News
·
14 Januari 2021 19:23

Babinsa Ikut Terlibat Berikan Edukasi Pada Masyarakat Tentang Vaksin COVID-19

Konten ini diproduksi oleh Balleo News
Babinsa Ikut Terlibat Berikan Edukasi Pada Masyarakat Tentang Vaksin COVID-19 (435380)
Danrem 181/PVT Brigjen TNI Indra Heri, foto : Istimewa
Danrem 181/PVT Brigjen TNI Indra Heri menyatakan, para babinsa yang ada di jajaran Korem 181/PVT akan ikut terlibat dalam memberikan edukasi kepada masyarakat tentang Vaksin COVID-19.
ADVERTISEMENT
"Sejak Pemerintah menyampaikan adanya pandemi COVID-19 di Indonesia dan dengan telah membentuk tim satgas percepatan dan penanganan, kita TNI juga adalah bagian dari itu. Dimana kita juga dilibatkan dalam pendisiplinan masyarakat, agar wabah ini tidak tersebar luas," ungkap Danrem 181/PVZ, Kamis (14/1).
Menurut Indra, saat ini di Indonesia termasuk Papua Barat dan Kota Sorong khususnya, sudah memasuki tahap pemberian vaksinasi. Sebagai TNI, katanya, maka pihaknya mempunyai kewajiban dalam tugas yaitu untuk menjaga keselamatan Bangsa dan Negara, baik dari ancaman berupa militer dan non militer.
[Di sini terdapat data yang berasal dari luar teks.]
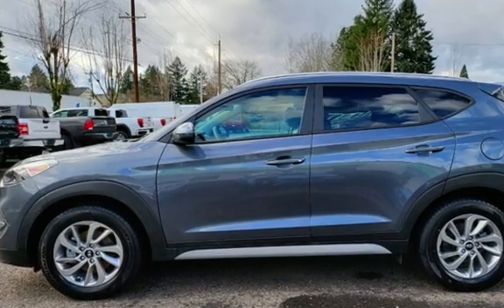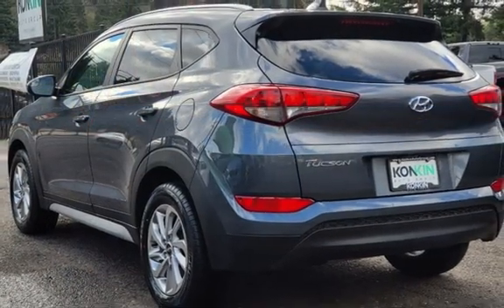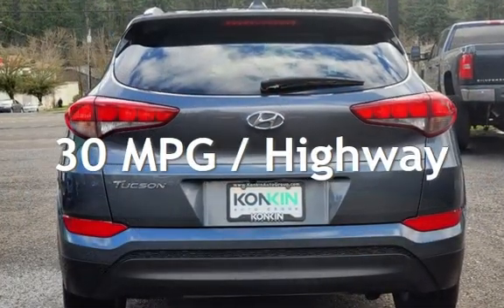This Hyundai is a great value with less than 39,000 miles on the odometer. Estimated fuel economy for this vehicle is 23 miles per gallon in the city, and 30 miles per gallon on the highway.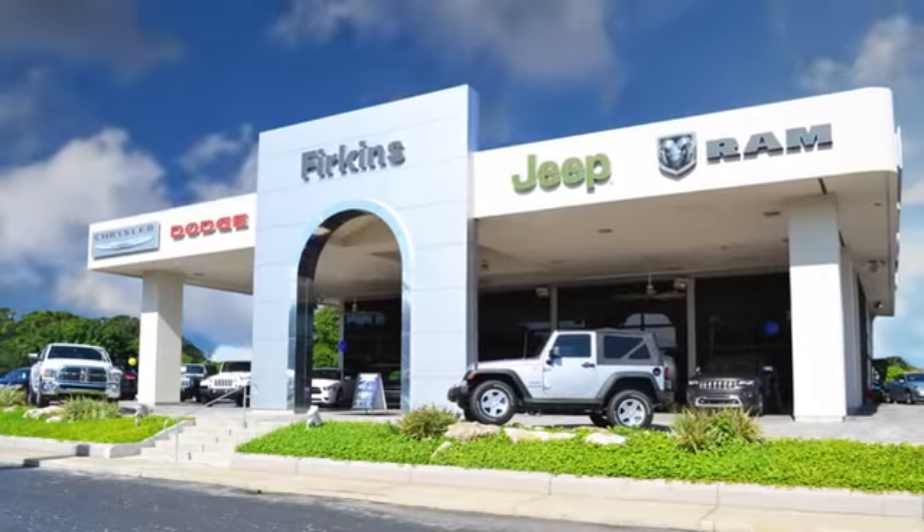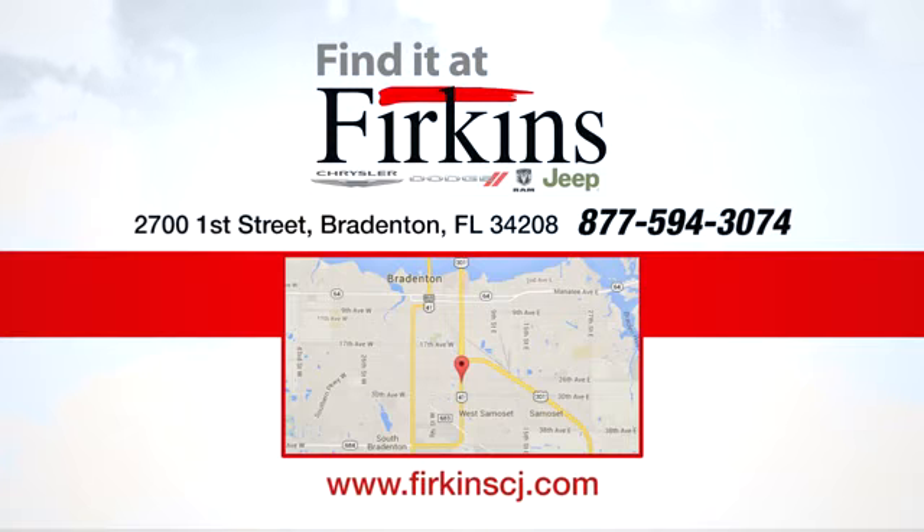Find it at Perkins. Come see us today. We're located between the Red Barn Flea Market and the DeSoto Mall on First Street.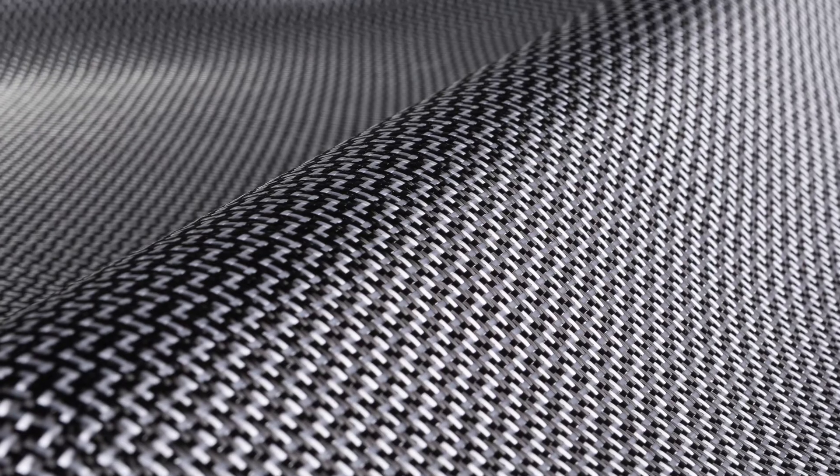It has a high ductility which means it can absorb a lot of energy before it breaks, and a high durability in terms of chemical resistance, moisture resistance and abrasion resistance. As the name would suggest, Dyneema carbon is the combination between carbon fibre itself and our Dyneema fibre.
"Wabah penyakit adalah ancaman dari non militer, itu adalah bagian dari tugas kita juga. Oleh sebab itu, melalui para babinsa akan ikut memberikan edukasi kepada masyarakat terkait vaksin COVID-19. Kita ketahui bersama bahwa ada masyarakat yang masih ragu, karena belum adanya pemahaman yang sampai kepada mereka secara baik dan benar. Makanya itu menjadi tugas kita bersama dengan stakeholder terkait, untuk memberikan sosialisasi dan pemahaman kepada masyarakat," ujarnya.
ADVERTISEMENT
Para babinsa, sambung Danrem, akan memberikan pendampingan kepada masyarakat dengan memberikan informasi bahwa vaksin COVID-19 aman, sehingga masyarakat tidak perlu ragu dan takut lagi.
“Babinsa-babinsa kita akan memberikan pendampingan kepada masyarakat dan memberikan pemahaman bahwa vaksin ini aman. Yakinlah bahwa Negara dan Pemerintah tidak akan menyengsarakan rakyatnya. Tujuan dari vaksinasi ini adalah untuk membentuk kekebalan kelompok, dimana kekebalan kelompok itu sendiri dimulai dari kekebalan Individu. Sangatlah disayangkan kalau kita tidak mau di vaksinasi," bebernya.
Danrem 181/PVT Brigjen TNI Indra Heri berharap kepada warga yang tidak mau di vaksin, agar jangan memprovokasi masyarakat yang lainnya. "Mari kita sama-sama dukung program dari pemerintah. Vaksin ini bukan obat, tetapi untuk membentuk imunitas kita. Saya harap kita tetap melaksanakan 3M, karena tidak ada obat yang paling manjur kecuali melaksanakan protokoler kesehatan, yaitu menjaga jarak, memakai masker dan mencuci tangan," tandasnya.